Beyoncé is going on a new world tour, and she’s helping Flint along the way.
Beyoncé joins the group of A-listers fighting for the people of Flint, Michigan.
Beyoncé performed at the Super Bowl 50 halftime show. And she had more than a few surprises up her sleeves.
As to be expected with just about anything Bey-related, the Internet exploded in euphoria.
Her killer performance didn't shy away from getting political. And it was glorious.
Bey's all-female backup dancers were dressed to impress in outfits honoring the Black Panthers (the 1960s civil rights group that also celebrates its 50th anniversary this year). The lyrics to the new single she performed, "Formation," celebrate blackness and Southern culture while touching on the deep racial inequality that still lives on in modern-day America. The song's music video, by the way, features Bey squatting on a sinking New Orleans cop car in a Hurricane Katrina-ravaged neighborhood ... so yeah, her message was anything but subtle. (Again, glorious.)
Beyond her momentous performance, Beyoncé did something else that shook Bey Land to its core: She announced a new world tour, which is named "Formation" after her latest single, that will kick off this spring.
If the Internet hadn't been exploding Bey-ness before, by then, it certainly was.
But the coolest part about Beyoncé's new tour is that it'll help the city of Flint, Michigan, heal after its recent water crisis.

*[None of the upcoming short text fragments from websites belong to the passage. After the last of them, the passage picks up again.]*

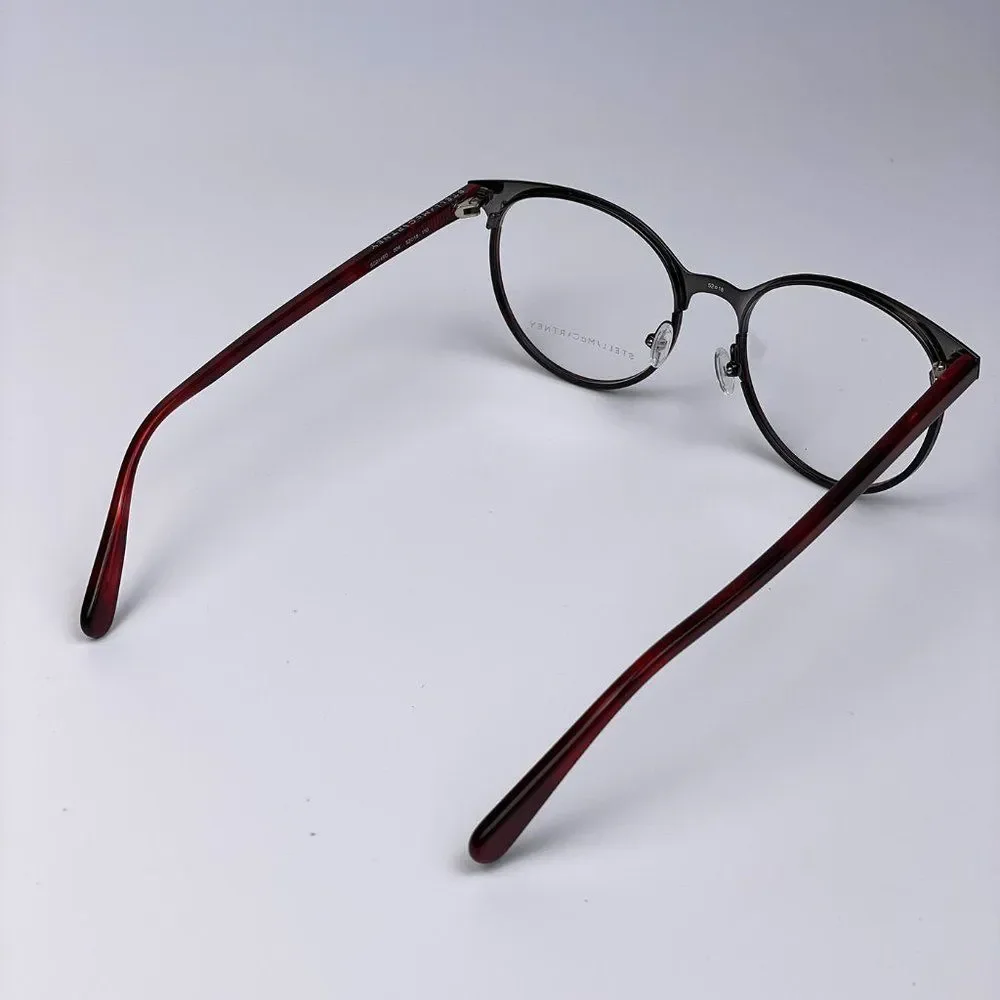 🔥 Stella McCartney SC0145O 004 Eyeglasses Havana Burgundy Metal Oval Women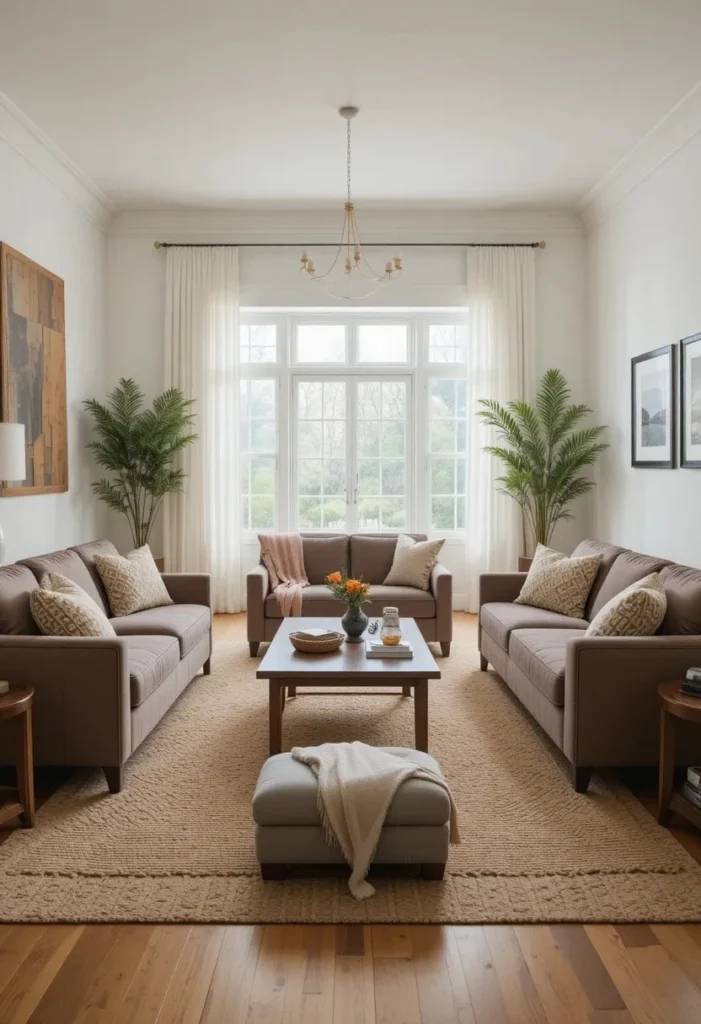 Rearranged furniture layout creating a warm and inviting living room.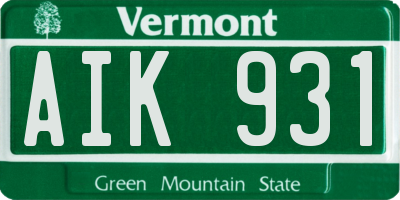 VT license plate AIK931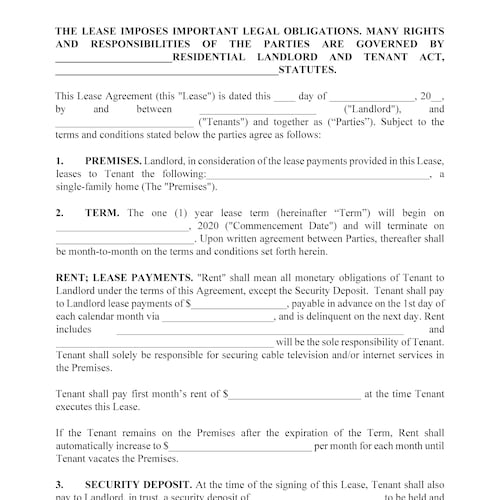 Residential Lease Rent Document Legal House Apartment Lease Etsy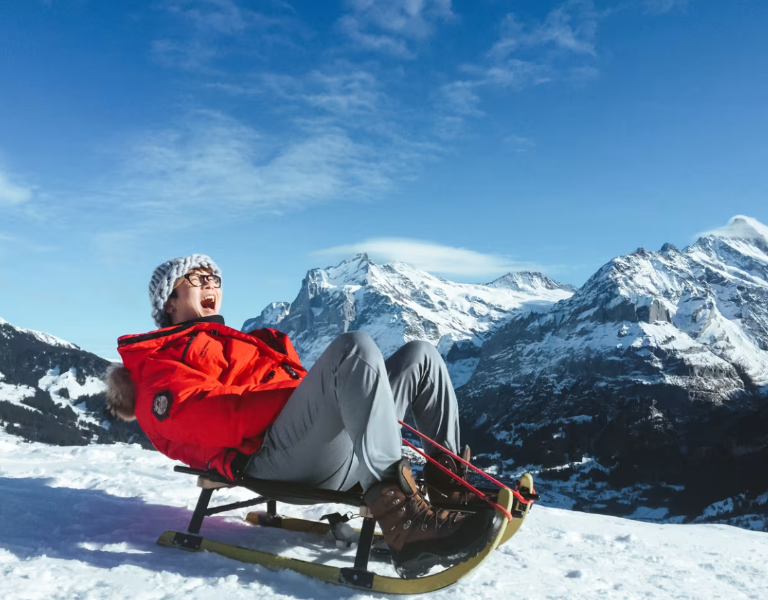 Sledding in Interlaken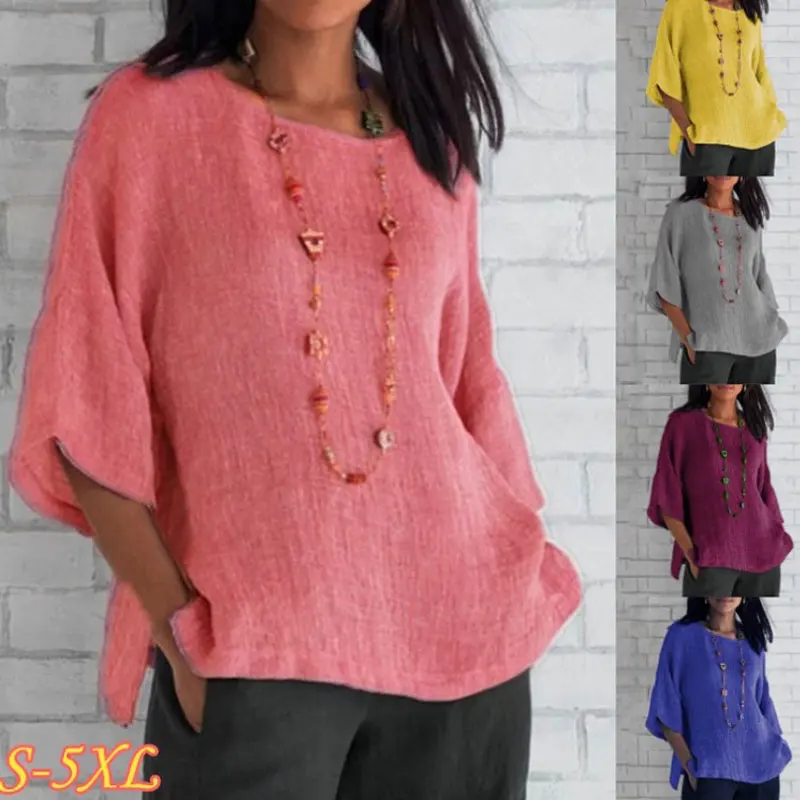 Plus Size Cotton Blouse Shirts Summer O-Neck Three Quarter Loose Casual Blouse Tops Summer Cothes For Women Streetwear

The pop star's #BeyGood charity initiative is partnering with United Way and the Community Foundation of Greater Flint for the tour "to create a fund that will address long-term developmental, education, nutrition, and health needs of the children affected by the Flint Water Crisis," according to a statement from the singer.
Specifics on how exactly the money will be raised from the tour have yet to be released, but fans are encouraged to follow @BeyGood on Twitter to get updates on how they can help.
Though Beyoncé's help is no doubt appreciated, Flint could use all of our support.
After Flint swapped its water source back in 2014 and failed to properly treat the water, lead started seeping into residents' supply. Folks complained the water didn't look right and that it smelled odd, but red flags were largely ignored for months.
The debacle has exposed thousands of Flint children to lead, which can severely affect mental and physical development. Advocates across the state and country — along with a presidential candidate — have called on Michigan Gov. Rick Snyder to resign for dropping the ball at the expense of an entire city's health.
Beyoncé is the latest A-lister to shine a light on the water crisis.
Flint has had no short supply of help from Hollywood, with stars like Cher, Rosie O'Donnell, Snoop Dogg, Jimmy Fallon, and Big Sean (plus many more) pitching in to help those affected.
But we can't rely on Hollywood and bottled water to solve the problem. As Flint native and documentarian Michael Moore explained in an open letter, sending bottled water is like putting a Band-Aid on a cut that desperately needs stitches.
Yes, short-term solutions are important, but larger systemic changes — like fixing broken infrastructure and holding accountable the leaders who caused this mess — are vital in helping Flint in the decades to come (not to mention ensuring this won't happen again).
This isn't just a Flint problem, either. Communities across the country, from Albuquerque and Denver to Phoenix and San Diego, are suffering from deteriorating plumbing systems and compromised water. Just take a look at what's coming out of the tap in St. Joseph, Louisiana.
From the sounds of it, Beyoncé's focus on Flint might just spur some of the long-term solutions residents there so desperately need.
It's too soon to know how much the "Formation" tour will benefit Flint. But if anyone knows how to throw some weight behind a worthy cause, I'd put my money on the girl who runs the world.